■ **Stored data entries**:

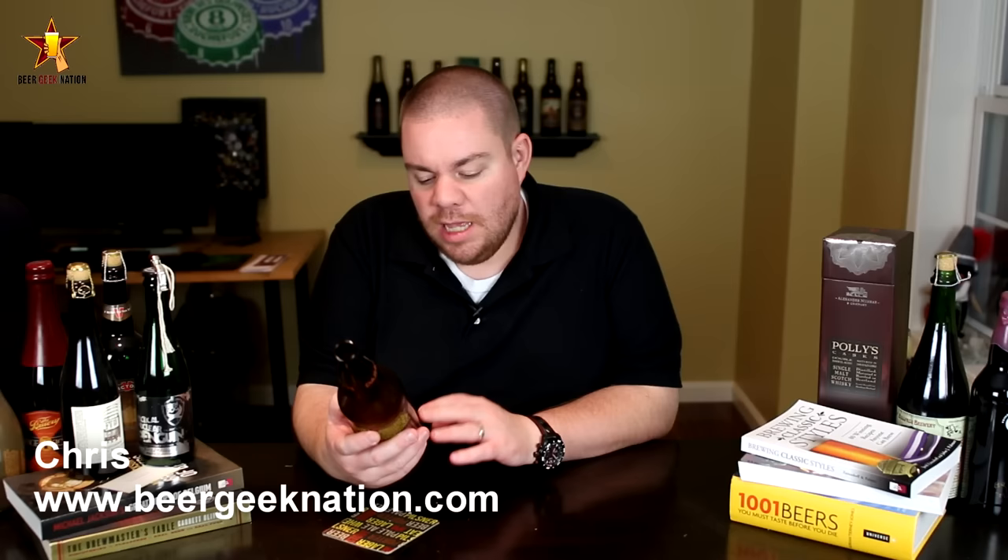Hey guys, what's up? Chris here from BeerGateNation.com. Today we are looking at a new release from Rogue. This is their Promise Gone A Rye IPA — see what they're doing there? It's a red rye IPA, 7.5% alcohol by volume.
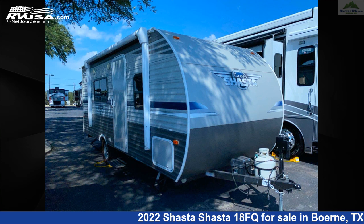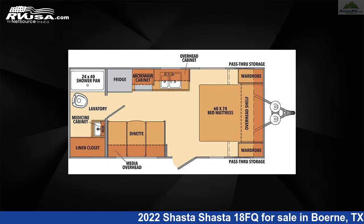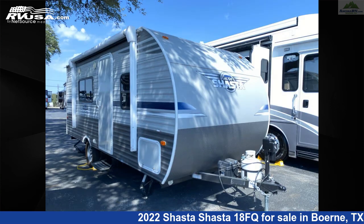This 2022 Shasta 18FQ is a travel trailer RV. It is located in Bernie, Texas, 78006 and is offered for sale by Ansira RV.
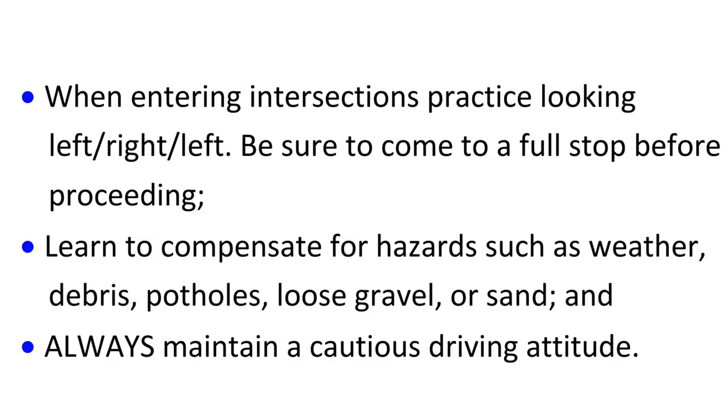When entering intersections, practice looking left, right, left. Be sure to come to a full stop before proceeding. Learn to compensate for hazards such as weather, debris, potholes, loose gravel, or sand, and always maintain a cautious driving attitude.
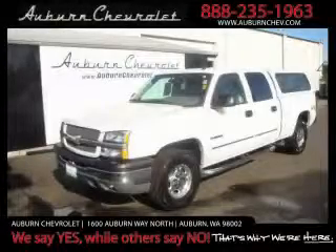This is a 2005 Chevrolet Silverado 1500. It has the power to move what you need and the look too.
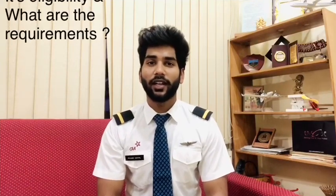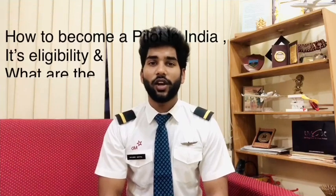Hello friends, this is Pilot Piyush. Today I'll talk about how to become a pilot in India, its eligibility and what are the requirements.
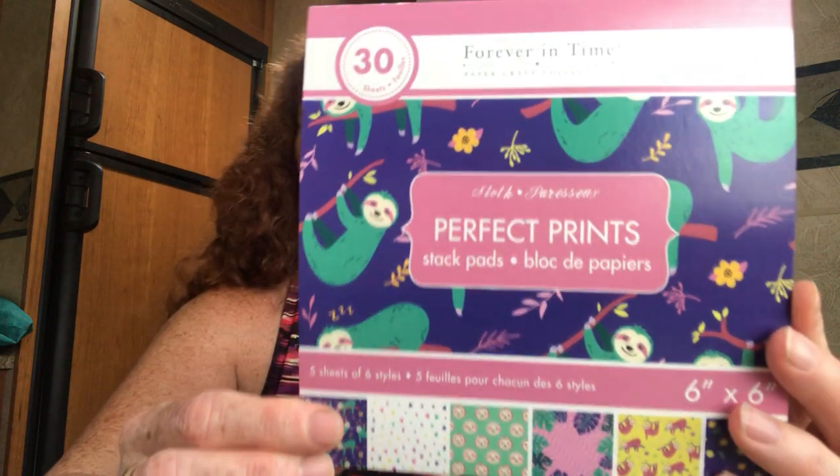The lady packed everything in a box; I just put the box in the trailer, so I'm going to show you as is. First thing I want to show you — I got these paper pads. I know these are at Dollar Tree, but I've not been able to find these two at Dollar Tree in any of my Dollar Trees, and I really wanted them. So I paid $1.79 at KW Surplus.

■ **DESCRIPTION OF THE TASK**: Return the entries exactly as given. Do not include pictures.

■ **ANSWER TO THE PROBLEM**:
Hey guys, what's up? Chris here from BeerGateNation.com. Today we are looking at a new release from Rogue. This is their Promise Gone A Rye IPA — see what they're doing there? It's a red rye IPA, 7.5% alcohol by volume.
This 2022 Shasta 18FQ is a travel trailer RV. It is located in Bernie, Texas, 78006 and is offered for sale by Ansira RV.
When entering intersections, practice looking left, right, left. Be sure to come to a full stop before proceeding. Learn to compensate for hazards such as weather, debris, potholes, loose gravel, or sand, and always maintain a cautious driving attitude.
This is a 2005 Chevrolet Silverado 1500. It has the power to move what you need and the look too.
Hello friends, this is Pilot Piyush. Today I'll talk about how to become a pilot in India, its eligibility and what are the requirements.
The lady packed everything in a box; I just put the box in the trailer, so I'm going to show you as is. First thing I want to show you — I got these paper pads. I know these are at Dollar Tree, but I've not been able to find these two at Dollar Tree in any of my Dollar Trees, and I really wanted them. So I paid $1.79 at KW Surplus.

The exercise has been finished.